2002 Global Researcher Conference Proceeding

April 26 - 28, 2002

Conference: 2002 Global Researcher Conference
Title: High proportion of ROMK processing defects underlying hyperprostaglandin E syndrome/antenatal Bartter syndrome
Authors: Konrad, Martin; Peters, Melanie; Seyberth, M.D., Hannsjorg W.
Institutions: Philipps University, University Children's Hospital, Philipps University Marburg

Mutations in the renal inwardly rectifying K+ channel ROMK cause autosomal recessive hyperprostaglandin E syndrome/ antenatal Bartter syndrome (HPS/aBS), a severe salt-losing tubular disorder leading to extensive salt- and water wasting.

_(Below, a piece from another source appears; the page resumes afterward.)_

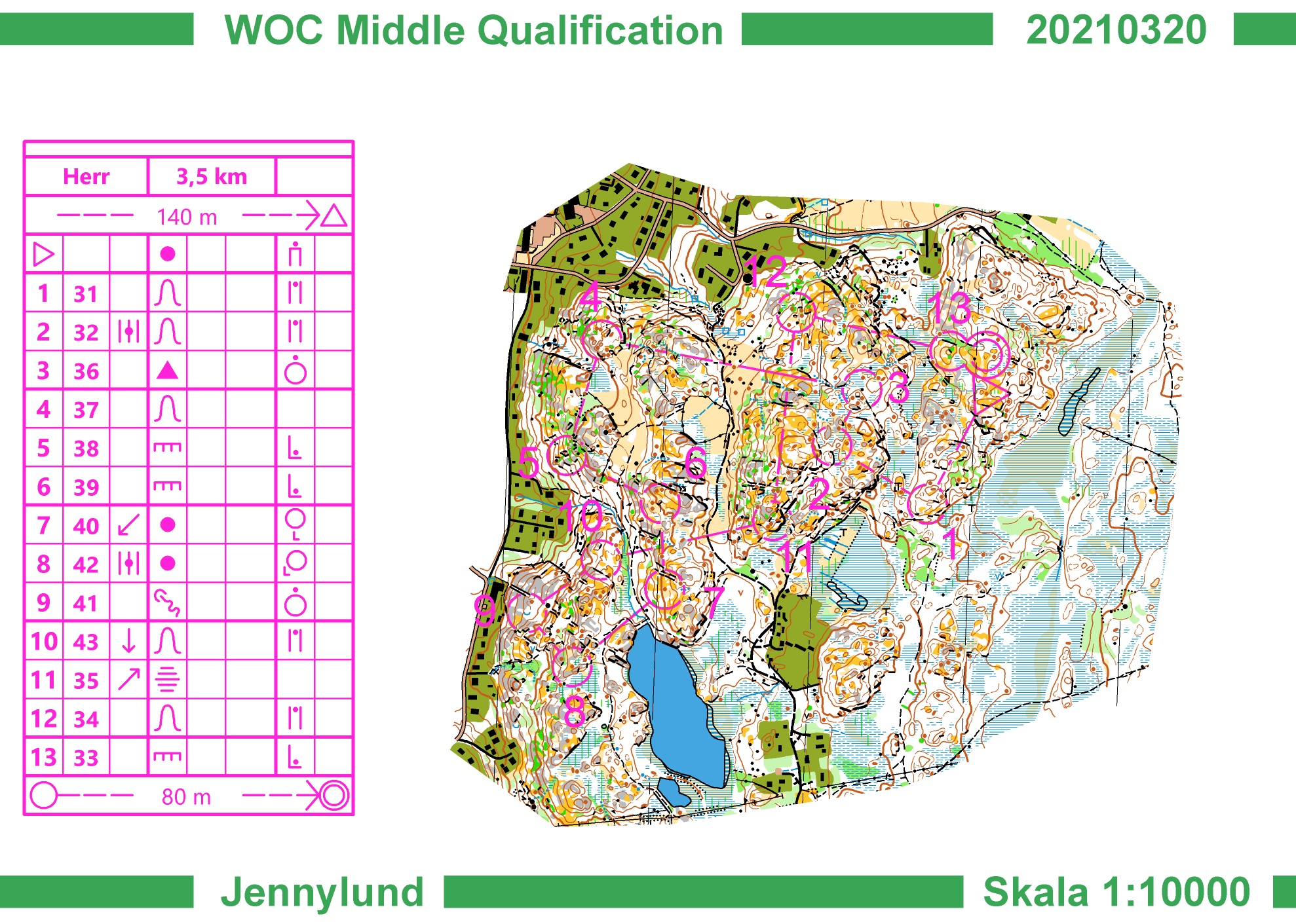 Medelkval Jennylund (20.03.2021)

Numerous mutations distributed all over the protein have been identified in HPS/aBS patients. Until now, most of the missense mutations have been clustered in two regions: (i) the channel core region (amino acids 84-180), and (ii) the pH sensor built up from the amino acid residues Arg/Lys/Arg at positions 41, 80, and 311. Mutations in the channel core region are thought to lead to defective K+ conductance due to conformational changes, whereas mutations affecting the Arg/Lys/Arg triad shift the pH gating off the neutral range to more alkaline pH values. However, many ROMK mutations are not located in these two regions and thus other pathogenic mechanisms are conceivable, e.g. sorting or processing defects. In the present study, we evaluated the underlying pathogenic mechanisms of 18 naturally occurring ROMK mutations by heterologous expression in Xenopus oocytes and a human kidney cell line. ROMK mutations were functionally analyzed by electrophysiological methods in oocytes and immunofluorescence in oocytes and HEK-cells. We identified a high proportion of ROMK mutants (14/18) that did not reach the cell surface revealing defective processing. High expression levels rescued 6/14 ROMK mutants leading to significant potassium currents in the two electrode voltage clamp analysis.

In conclusion, this study revealed that defective ROMK processing might be the predominant pathogenic mechanism leading to HPS/aBS and this might enable the development of new therapeutic strategies directed at the restoration of channel function as already shown for other diseases caused by processing defects, such as cystic fibrosis or NDI.

ROMK is a membrane protein that allows the movement of potassium ion through the apical cell wall in renal tubular epithelia. Mutant ROMK cause a disease known as autosomal recessive hyperprostaglandin E syndrome/antenatal Bartter syndrome (HPS/aBS). Many different mutations of ROMK have been identified that result in HPS/aBS. Konrad, et al., analyzed 18 of these mutants to determine how they functioned. The researchers found 14 out of the 18 did not reach the cell membrane, which indicated they were not properly processed. Six out of 18 of these mutants could be made to function properly in laboratory cell cultures if the researchers ensured there were enough of the mutants in the cultures. The researchers concluded that defective ROMK processing might be the primary reason that leads to HPS/aBS.